‘Dog-Cheap Living for the Under Dog’ by Georgia Kotsch from Solidarity. Vol. 3 No. 48. November 23, 1912.

Georgia Kotsch

The wealthy are obsessed with castigating our diets, forever advising the working classes on how we might be able to pay rent if we just forgoed $5 coffees and avocado toast. Georgia Kotsch, left wing California Socialist and chair of that State’s Women’s Socialist Committee, is having none of it as she hears the newest advice, that we eat dog meat.

‘Dog-Cheap Living for the Under Dog’ by Georgia Kotsch from Solidarity. Vol. 3 No. 48. November 23, 1912.

Cometh now a female person with the fifty-eighth variety for reducing the high cost of living. I am not acquainted with the lady, but judge her to be a society person because she landed from the Mauretania. Ladies’ maids, stewardesses and steerage femininity also land sometimes, I dare say, but the fact is never chronicled in the papers. They are not persons or they are not capable of saying things silly enough to be sensational.

This lady has been to Geneva as delegate to the International Peace Conference and incidentally stumbled over her discovery in Germany.

No, it is not a new style in vegetarianism, saving your empty pay envelopes, killing the baby nor making croquettes of the potato peelings.

It is dog-dog steaks, hound chops, cur-tail bouillon, blanc mangy jelly, poodle pate a la poulette, pickled pups’ feet, terriers on toast.

Hot dogs are to have become more than a name so in fact.

Exclaims the lady enthusiastically: “When I was in Munich I saw one hundred dogs sold for food in one day to poor people. Of course the dogs had been inspected before the sale, and they were perfectly fit to eat.”

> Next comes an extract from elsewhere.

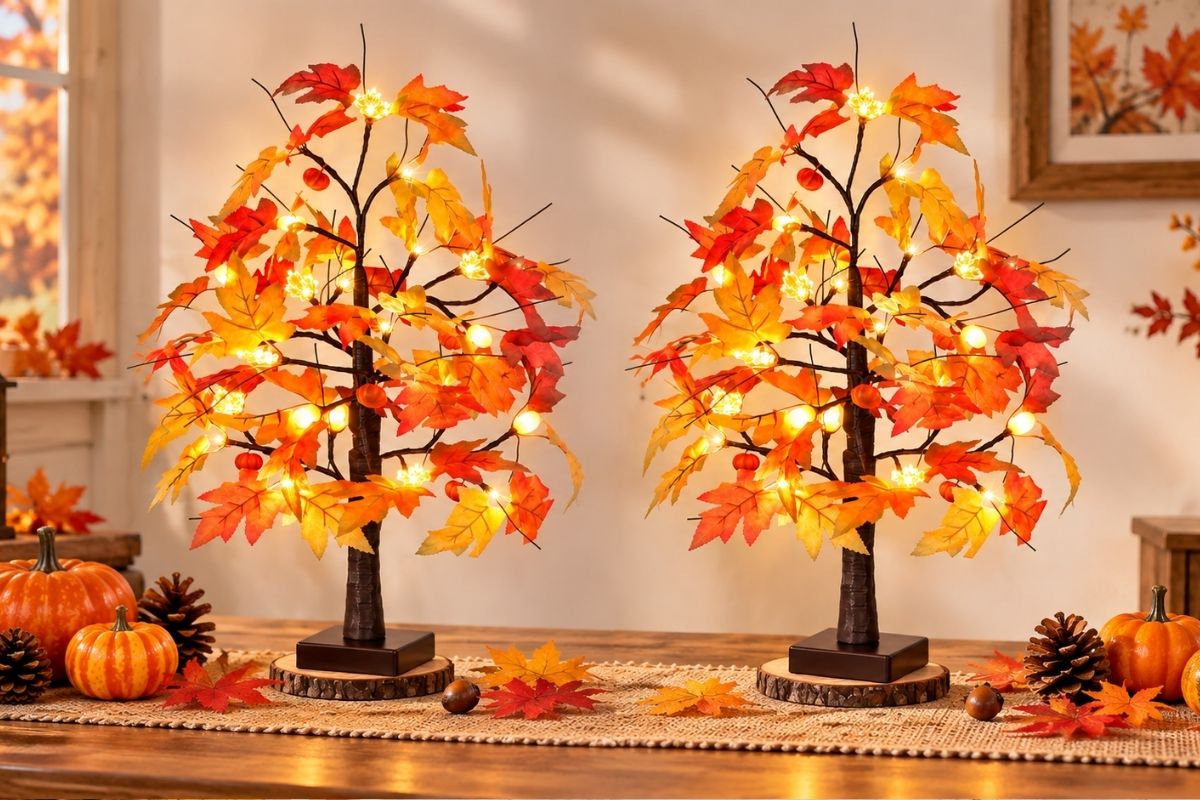 You are currently viewing Lighted Maple Tree Fall Decor: The Ultimate Thanksgiving Centerpiece for Your Home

I gather from the statement that the poor, the under dogs, so to speak, are to have a monopoly on dog meat, which would seem to be a case of dog eat dog.

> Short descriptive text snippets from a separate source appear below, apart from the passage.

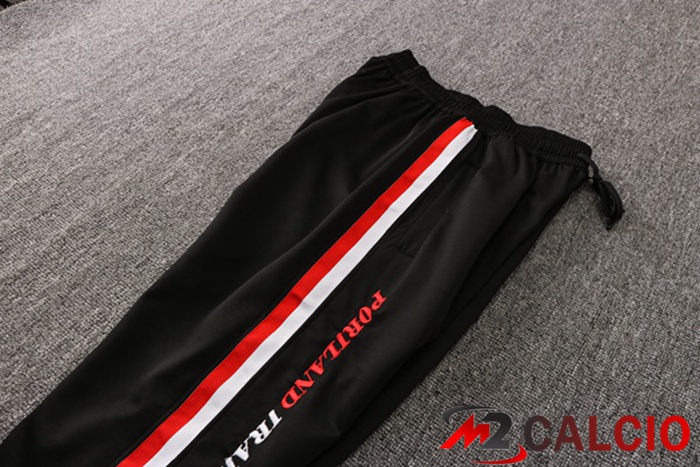 Insieme Giacca Con Cappuccio Tuta Portland Trail Blazers Nero 2022/2023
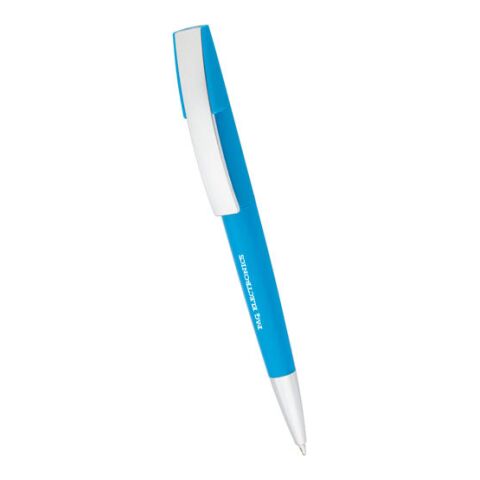 Plastic Twist Action Ball Pen Light Blue | Without Branding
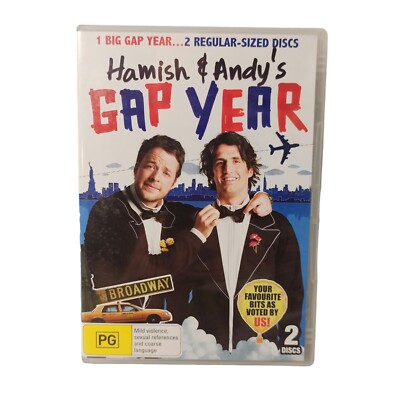 Hamish & Andy's Gap Year (DVD) Australian Comedy Drama Travel Vacation Buddy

We welcome any new acquisition. Hitherto about the only monopolies we have been able to accumulate have been poverty and hard work. A shadow, however, blurs my ecstasy. It is that the American beef trust knows a good thing when it sees it as well as does this fair tourist, and while she may be generously willing that the poor shall monopolize the juicy flea-fed roasts, Rover ragout and curried Carlo, a beef magnate is usually dogmatic in the opinion that the carnal solids and soups au gras in which the extravagant six-fifty-a-weekers riot should be well paid for and upon his thrifty mind I fear the advent of this new era of dog days will have no effect.

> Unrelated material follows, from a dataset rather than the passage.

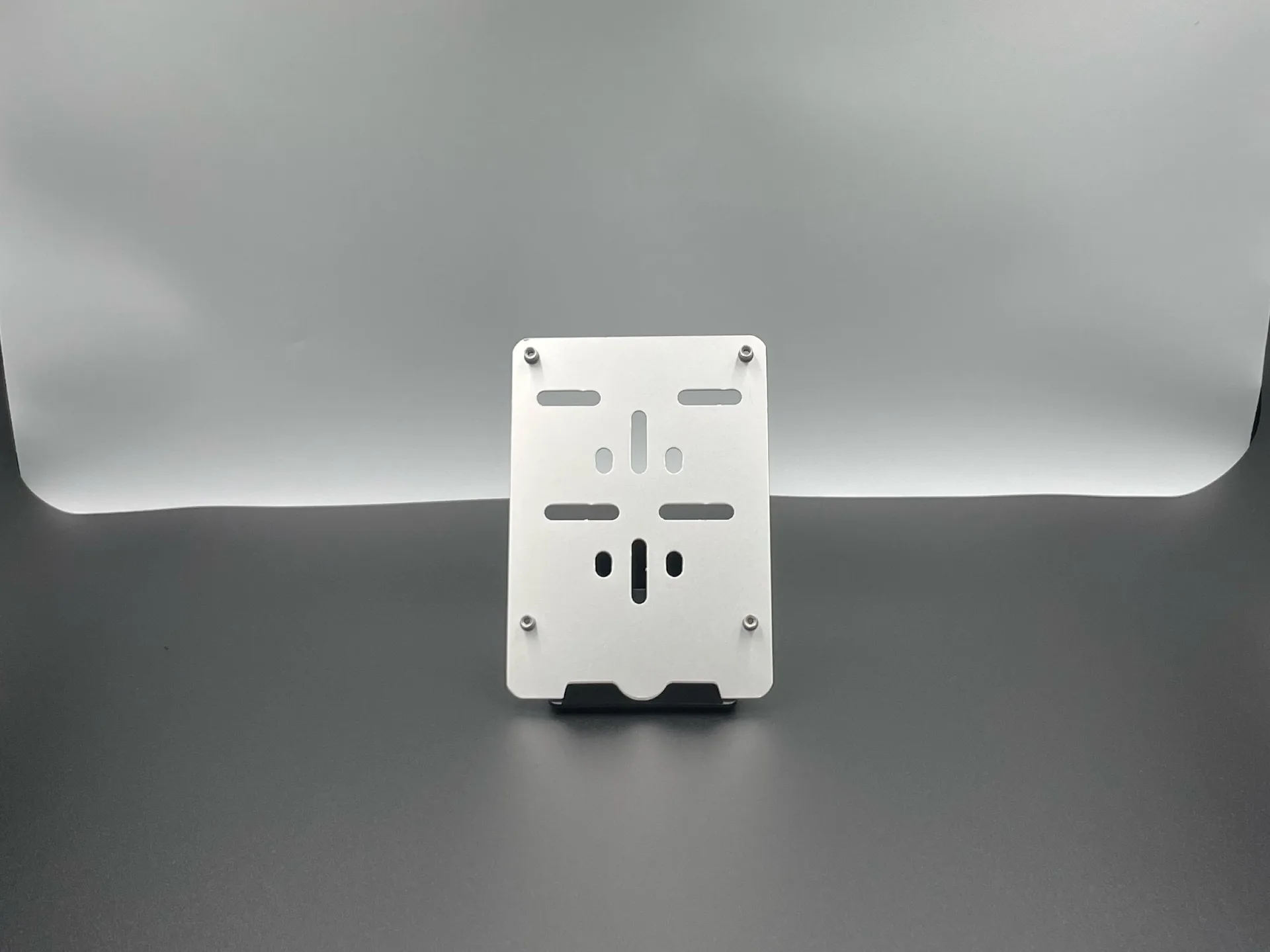 Porte-plaque Scooter Alu Gris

I could yelp with pain that this discovery should have been made in Germany–the home of the big socialist vote. Is there, alas, no tie that binds between the ballot and the dinner pail? Must we un-hitch our cart from that brightest star in the firmament of managing other people, the dog star of politics?

We know it is of the greatest importance to persons of the clawses who “arrive” on ocean liners that the “poor” may live cheaply. That is why the largest cotton mill in the world has been located in Mexico and the largest steel plant in China. Beans, rice and dog meat. Philanthropic trinity. Cheap, nutritious and profitable unto dividends.

No, thank you, dear lady, there is no possible objection upon our part to dog meat being served on the Mauretania to the clawses who consider it “perfectly fit,” but as for us we live a dog’s life as it is, and it is quite unnecessary to incorporate the friendly curs in our system. We are getting tired of a dog’s life anyhow. It is becoming so uninteresting, don’t you know, devoid as it is of travel, the means of culture and other things which go to make life worth living, that we find it more exhilarating to lay it down in starvation, in jail, on the gallows, than to sustain it upon dog just to continue a dog’s life. If you don’t know it go on another voyage of discovery to the miners and dockers of England, to Lawrence, to Lake Charles, to San Diego. And when the poor get into this dogged frame of mind it means more than an election, though an election may election may take its cue from it.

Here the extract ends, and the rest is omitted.